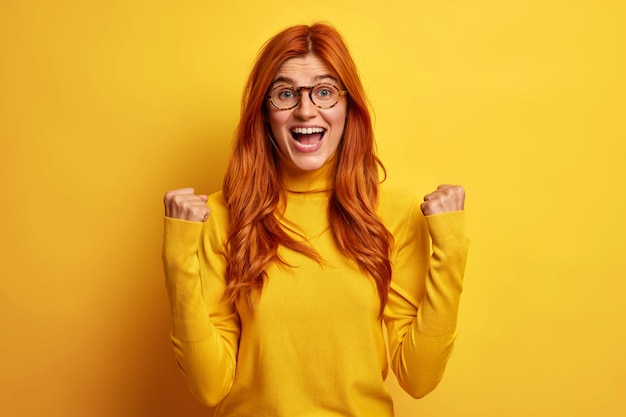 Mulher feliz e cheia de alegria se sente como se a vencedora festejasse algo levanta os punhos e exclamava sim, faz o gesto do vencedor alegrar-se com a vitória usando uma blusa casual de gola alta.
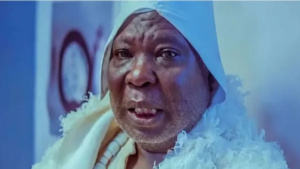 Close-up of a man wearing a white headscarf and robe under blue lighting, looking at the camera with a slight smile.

...

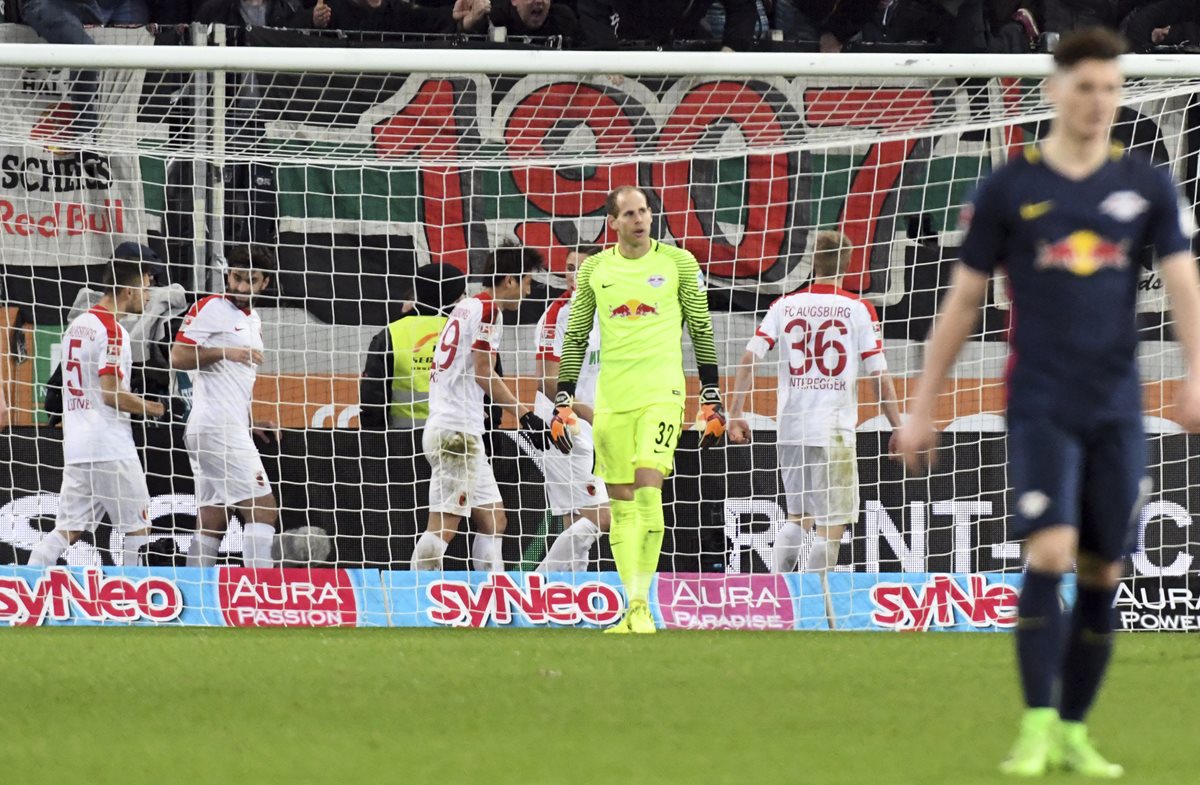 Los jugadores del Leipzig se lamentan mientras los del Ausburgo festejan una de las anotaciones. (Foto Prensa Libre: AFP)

--

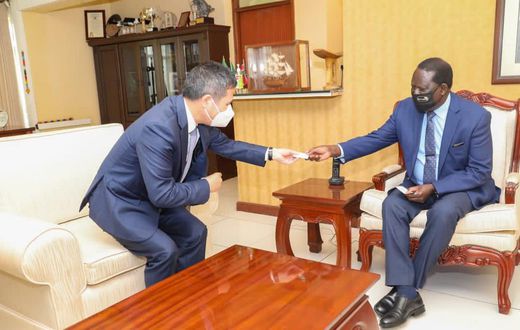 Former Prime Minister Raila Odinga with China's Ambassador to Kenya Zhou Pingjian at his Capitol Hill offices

▶ **YOUR ASSIGNMENT**: In the listing above, the required lines run from the line with "Mulher feliz e" through the line with "Close-up of a". Output exactly those lines, omitting pictures.

▶ **RESULT OF THIS TASK**:
 Mulher feliz e cheia de alegria se sente como se a vencedora festejasse algo levanta os punhos e exclamava sim, faz o gesto do vencedor alegrar-se com a vitória usando uma blusa casual de gola alta.
 Close-up of a man wearing a white headscarf and robe under blue lighting, looking at the camera with a slight smile.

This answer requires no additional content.